Not only was [the case] a molded plastic case, a configuration handgun manufacturers commonly use when initially packaging a firearm for the end consumer, this particular case had the manufacturer’s name, dearly indicating an arms product, imprinted on the entire length of the front of the case....
United States v. Banks, No. 4:05-cr-00049, slip op. at 16 (S.D.Iowa Sep. 15, 2005) (emphasis added). Particularly persuasive is the factual finding by the district court that the Phoenix Arms container was consistent with containers that handgun manufacturers “commonly use when initially packaging” a firearm, id., because such a finding supports the single-purpose nature of this container. This finding is supported by the size of the writing on the case: “PHOENIX ARMS” spans the width of the case and consumes about a quarter of the length of the case. These characteristics are similar to those of a container the First Circuit held was readily identifiable as a gun case. Meada. 408 F.3d at 23-24 (where the label on the container read “GUN GUARD”).
Banks argues that the district court’s determination must be made from the perspective of a lay person. In other words, he contends the district court may not consider testimony based on the special expertise of a police officer, knowledgeable in firearms, in deciding whether a case is readily identifiable as a gun case. See United States v. Gust, 405 F.3d 797, 801 (9th Cir.2005). We need not reach that question here, because unlike the container in Gust, the Phoenix Arms container is obviously a gun case, even to the casual observer. In- Gust, the case bore the inscription “BUSHMASTER,” which the court held a lay person would not recognize as a gun manufacturer. Id. Unlike the word Bushmaster, “Phoenix Arms” has a plain meaning that suggests “gun.” The word “arm,” is defined as a “means of offense or defense,” and it is short for the word “firearm,” which means gun. Webster’s New International Dictionary 118 (3d ed.1981). An individual does not need special knowledge of firearms in order to conclude that the label “PHOENIX ARMS” is the name of a particular gun manufacturer. The district court made all the necessary factual findings, supported by the record, to support a Fourth Amendment determination that the container was readily identifiable as a gun case.

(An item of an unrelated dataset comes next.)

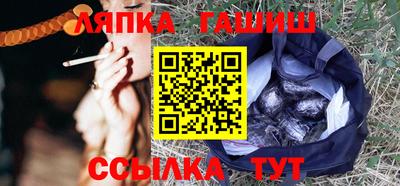 кокаин премиум Балаково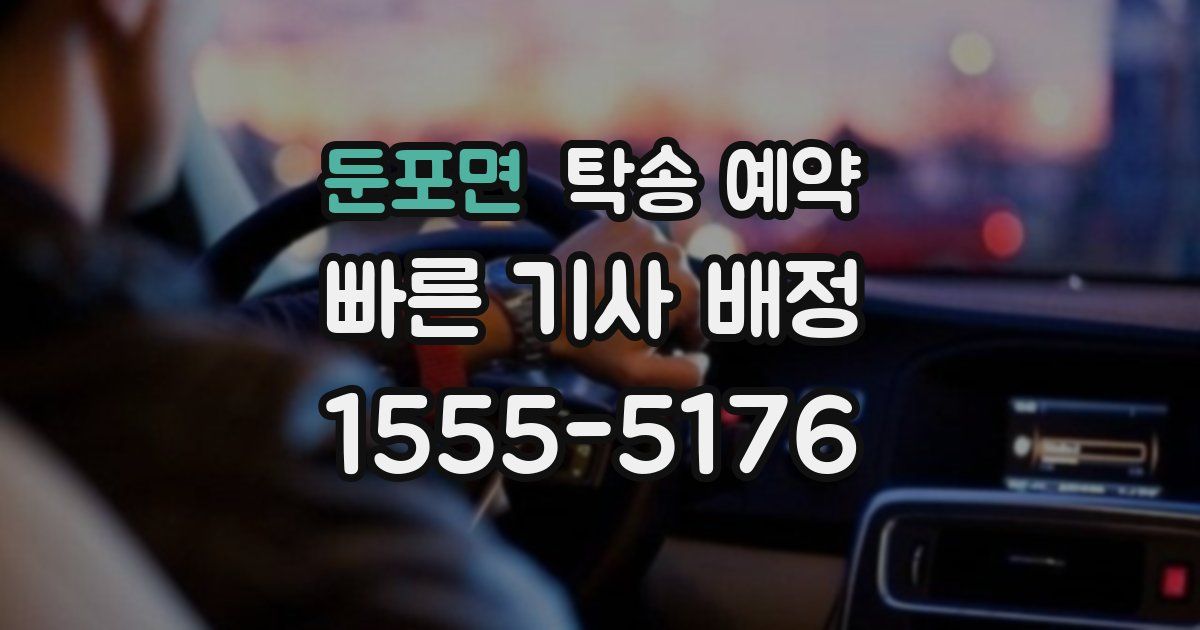 둔포면 탁송 예약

Finally, we consider whether police had probable cause to seize the gun case. *776That question is answered by the gun case itself. There is a reasonable likelihood that the container would contain a gun. A gun, possessed by a felon, is always evidence of a crime. Brayman v. United States, 96 F.3d 1061, 1065 (8th Cir.1996); see 18 U.S.C. § 922(g)(1). Banks argues that Officer Mathis did not know he was a felon at the time of the search. The district court found that “the record does not show with certainty whether [Mahlstadt or Mathis] did in fact know prior to the May 12 search that Defendant was” a felon. United States v. Banks, No. 4:05-er-00049, slip op. at 3 (S.D.Iowa Mar. 21, 2006). Rather, the district court imputed the knowledge of another officer, Officer Stueckrath, to Mathis and Mahlstedt, under the collective knowledge doctrine.
The collective knowledge doctrine imputes the knowledge of all officers involved in an investigation upon the seizing officer in order to uphold “an otherwise invalid search or seizure.” United States v. Gillette, 245 F.3d 1032, 1034 (8th Cir.2001); see also United States v. Terry, 400 F.3d 575, 581 (8th Cir.2005) (applying collective knowledge doctrine to uphold seizure of ammunition by officer with no personal knowledge that defendant was subject to protective order restricting him from possessing ammunition). Applying the doctrine requires some degree of communication between the officer who possesses the incriminating knowledge and the officer who does not. The purpose of this requirement is to “distinguish between officers functioning as a search team and officers acting as independent actors who merely happen to be investigating the same subject.” Gillette, 245 F.3d at 1034 (internal quotation marks and citations omitted). When officers function as a search team, it is appropriate to judge probable cause upon the basis of their combined knowledge, because “we presume that the officers have shared relevant knowledge which informs the decision to seize evidence or to detain a particular person.” United States v. O’Connell, 841 F.2d 1408, 1419 (8th Cir.1988); Terry, 400 F.3d at 581.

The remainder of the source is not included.